● **Exercise requirements**
I'd like the data beneath this line reproduced exactly, without any of its images.

● **Given material**
_ _ _ _ _ _ _
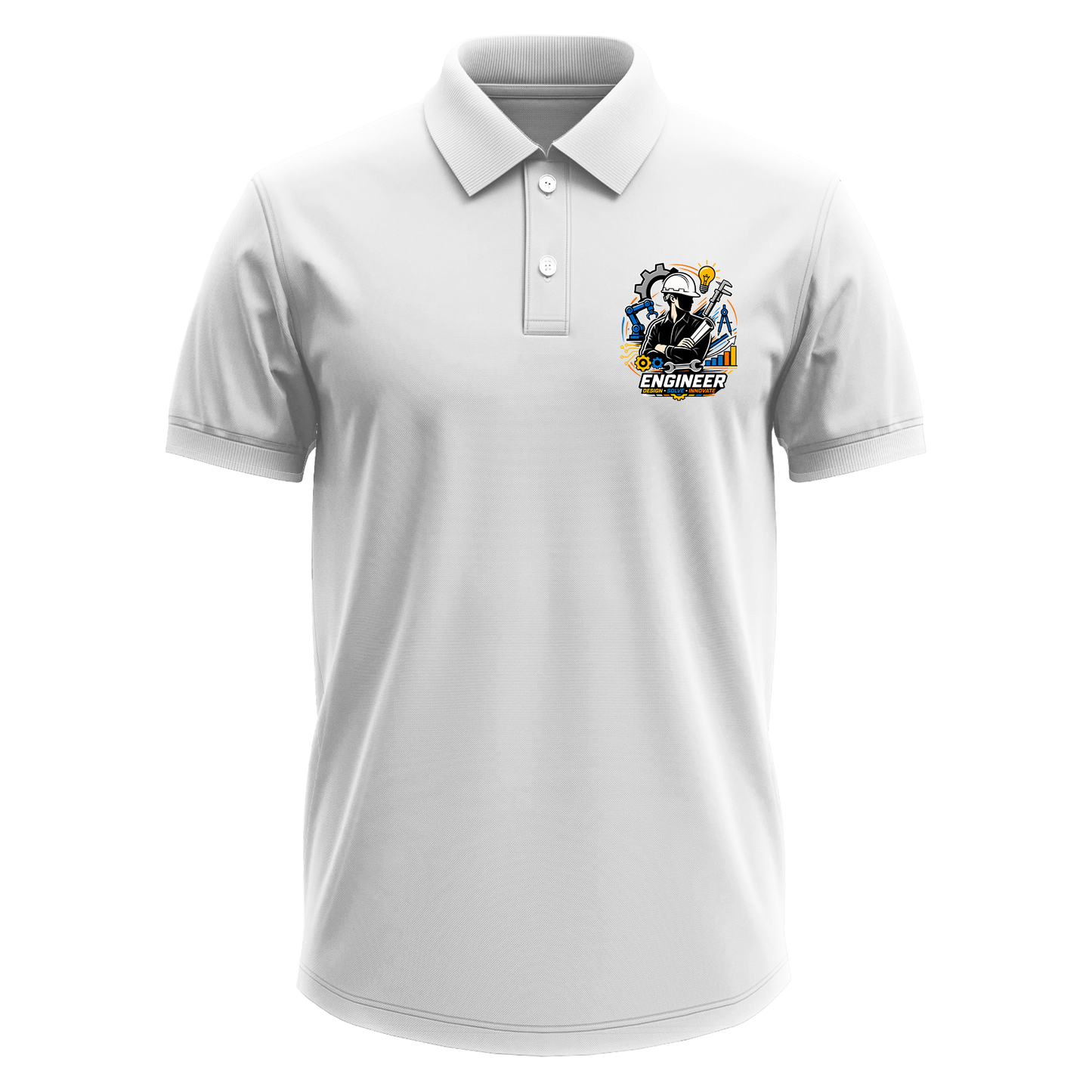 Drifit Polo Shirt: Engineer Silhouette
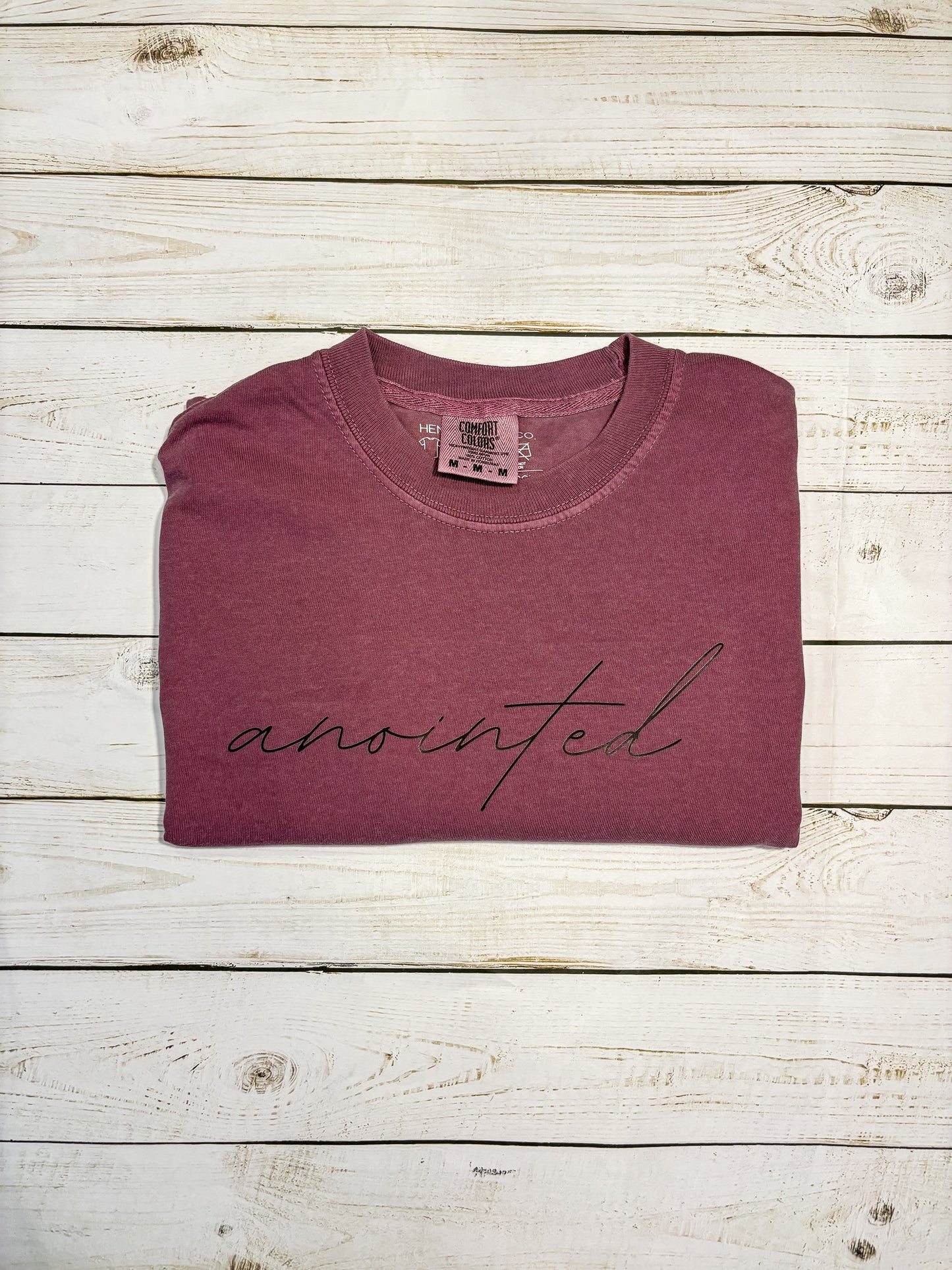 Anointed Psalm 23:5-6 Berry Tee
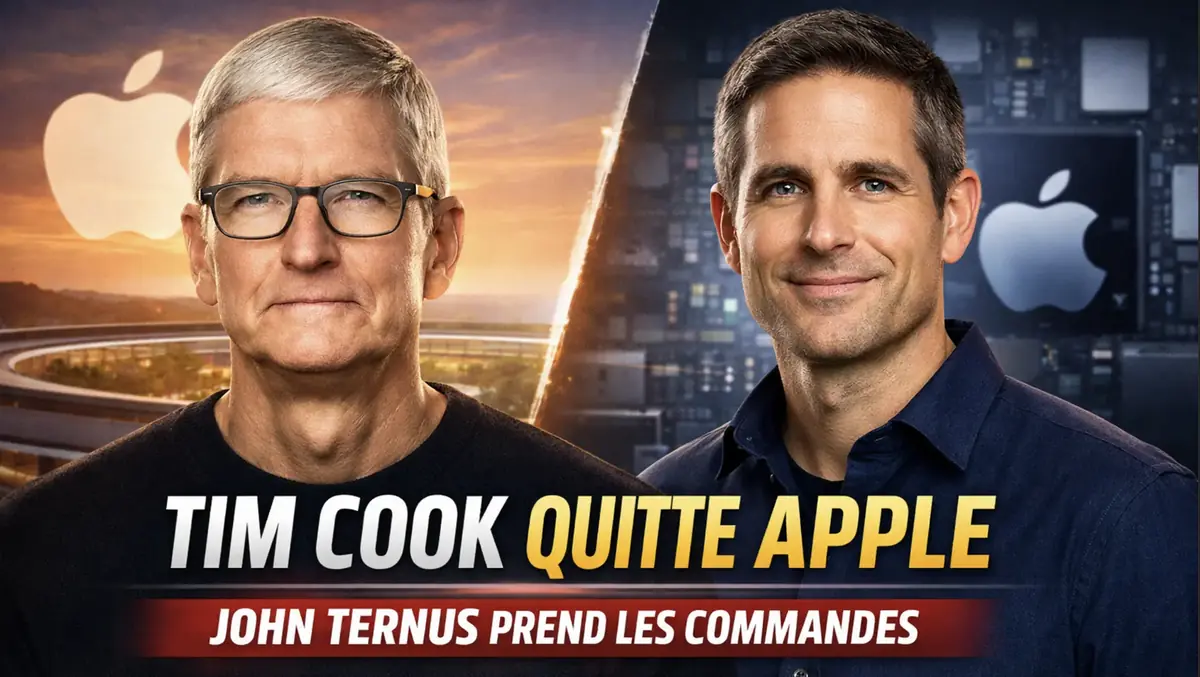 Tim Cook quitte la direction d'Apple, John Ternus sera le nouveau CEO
_ _ _ _ _ _ _
● **Answer to this task**
 Drifit Polo Shirt: Engineer Silhouette
 Anointed Psalm 23:5-6 Berry Tee
 Tim Cook quitte la direction d'Apple, John Ternus sera le nouveau CEO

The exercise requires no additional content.